▸ **RECORDS SHOWN**
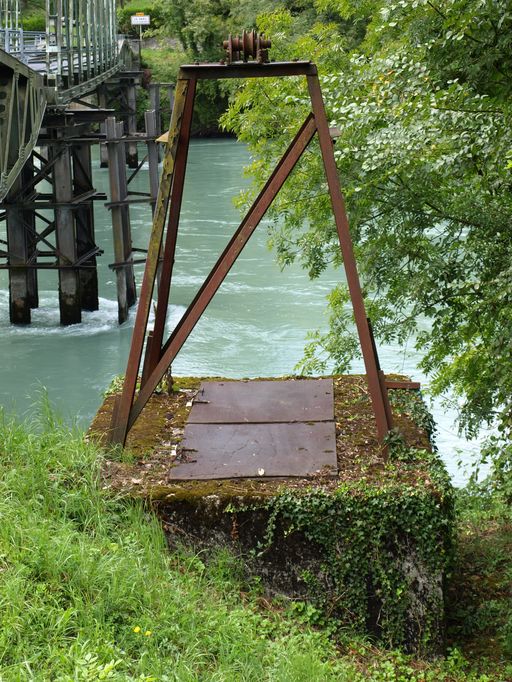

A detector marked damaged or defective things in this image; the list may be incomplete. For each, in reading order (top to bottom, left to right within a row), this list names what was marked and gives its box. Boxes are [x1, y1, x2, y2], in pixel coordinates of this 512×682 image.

rusted winch mechanism [223, 30, 272, 64]
rusty metal a-frame [108, 37, 396, 452]
rusty metal plate [187, 374, 332, 422]
rust stain on metal [189, 378, 336, 420]
rust stain on metal [169, 420, 336, 478]
rusty metal plate [168, 420, 338, 478]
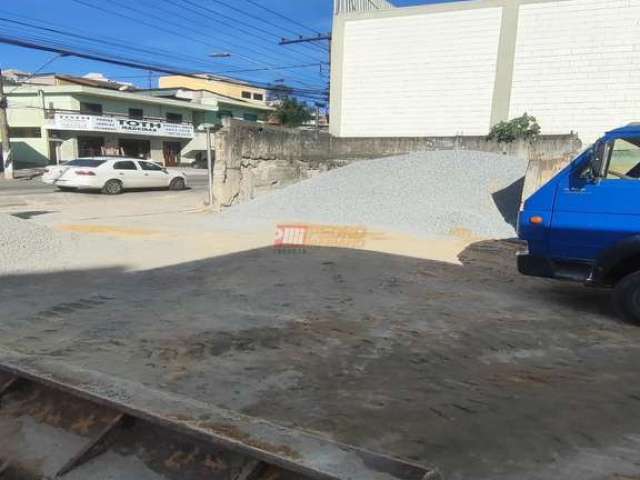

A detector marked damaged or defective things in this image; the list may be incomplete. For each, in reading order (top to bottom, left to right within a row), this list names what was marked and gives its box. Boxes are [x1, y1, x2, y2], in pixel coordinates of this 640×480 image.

rusty metal surface [0, 346, 438, 480]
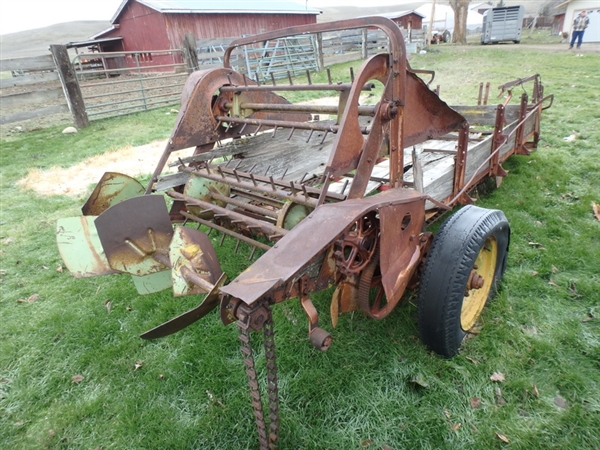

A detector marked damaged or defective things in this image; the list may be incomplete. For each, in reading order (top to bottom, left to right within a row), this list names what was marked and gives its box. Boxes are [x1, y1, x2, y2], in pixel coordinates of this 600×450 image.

rusty farm implement [56, 17, 552, 450]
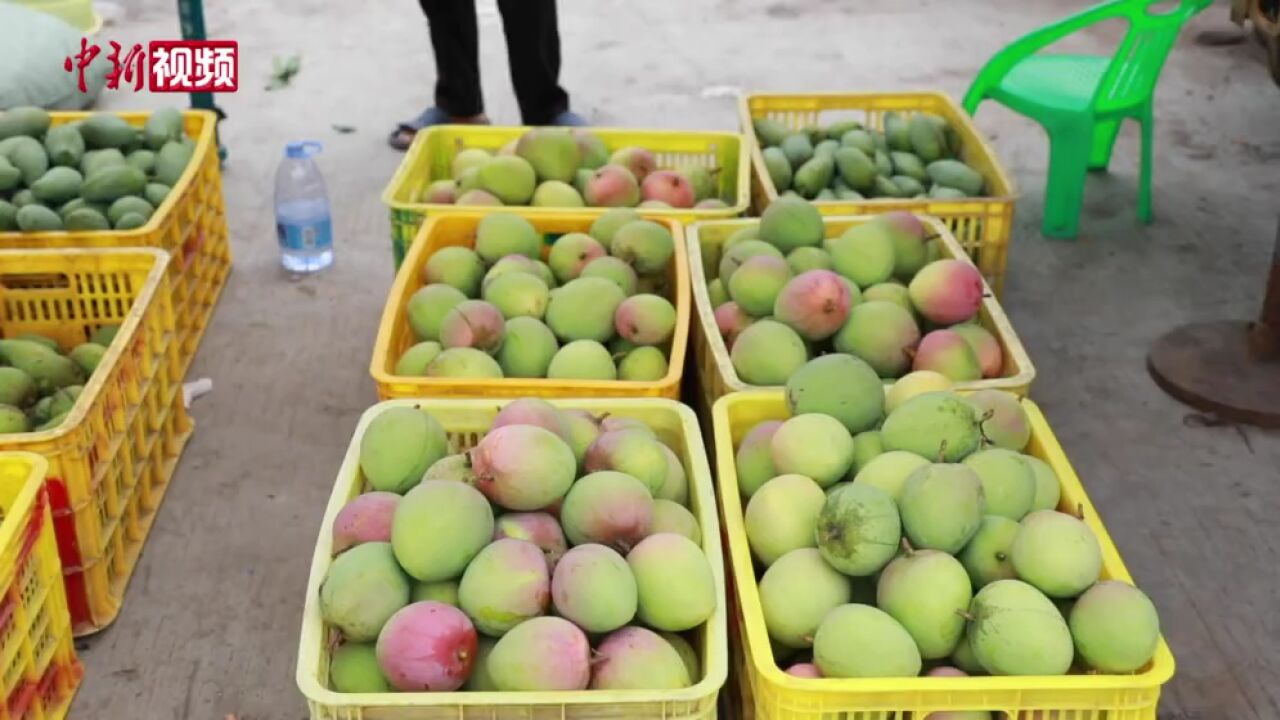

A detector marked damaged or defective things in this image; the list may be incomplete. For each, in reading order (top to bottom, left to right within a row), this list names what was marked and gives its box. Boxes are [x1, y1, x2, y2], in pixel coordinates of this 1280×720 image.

rusty metal base [1152, 319, 1280, 425]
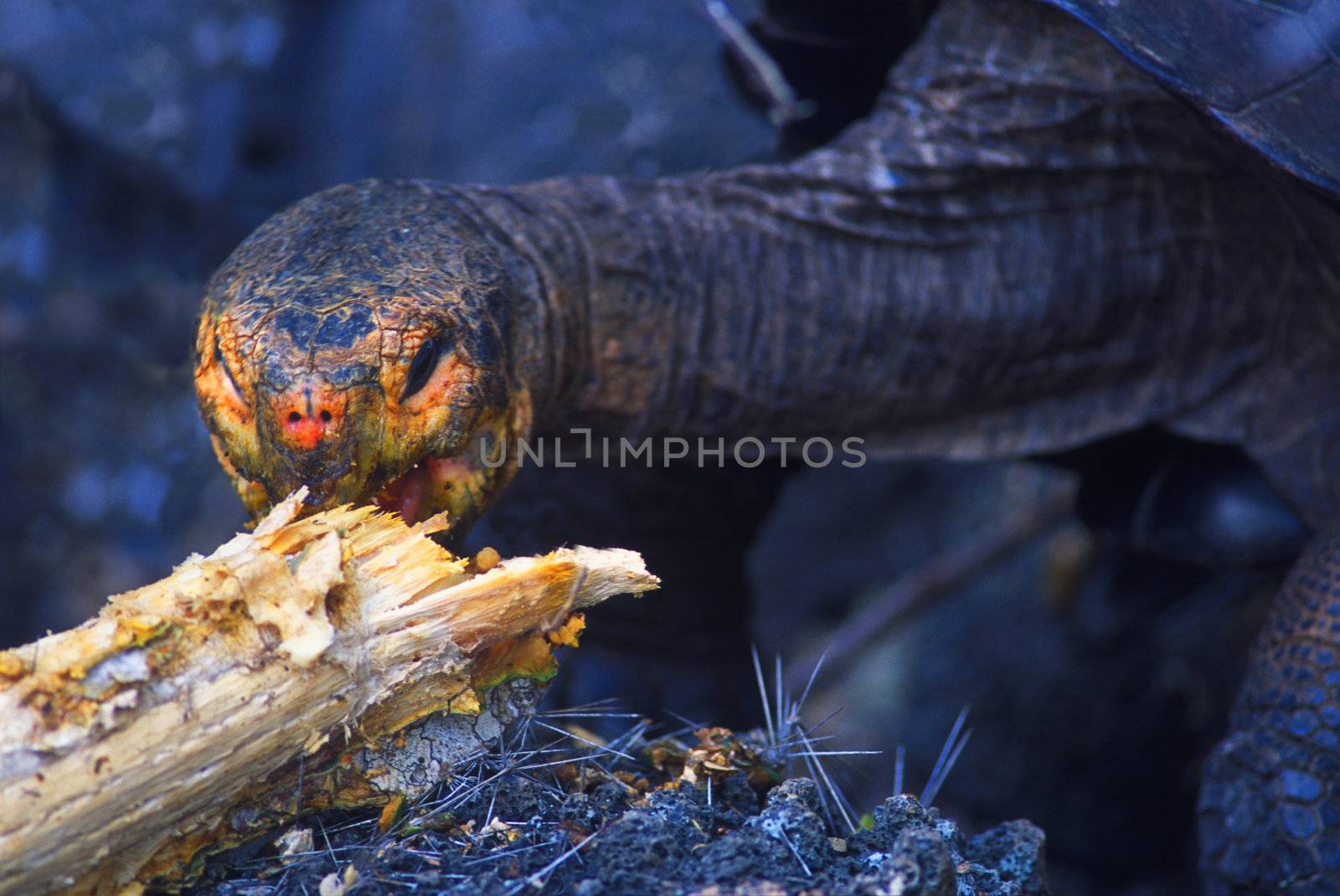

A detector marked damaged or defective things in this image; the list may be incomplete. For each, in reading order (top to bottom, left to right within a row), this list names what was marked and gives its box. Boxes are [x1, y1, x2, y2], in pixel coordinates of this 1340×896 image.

splintered wood [0, 492, 653, 889]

▸ **EXERCISE DESCRIPTION**
Set down exactly, and only, the lines from the one containing "this 600×450 image." through the last line of the entries. Pictures do not belong in the copy.

▸ **WORKED SOLUTION**
A detector marked damaged or defective things in this image; the list may be incomplete. For each, in reading order (top to bottom, left to right within a row), this list names what was marked and gives its box. Boxes are [x1, y1, x2, y2], in pixel coordinates of this 600×450 image.

rusty farm implement [56, 17, 552, 450]

A detector marked damaged or defective things in this image; the list may be incomplete. For each, in reading order (top to bottom, left to right within a row), this list names what was marked and gives its box. Boxes are [x1, y1, x2, y2], in pixel coordinates of this 1280×720 image.

rusty metal base [1152, 319, 1280, 425]

A detector marked damaged or defective things in this image; the list may be incomplete. For each, in reading order (top to bottom, left to right within a row), this list names what was marked and gives its box. Boxes are [x1, y1, x2, y2], in pixel coordinates of this 1340×896 image.

splintered wood [0, 492, 653, 889]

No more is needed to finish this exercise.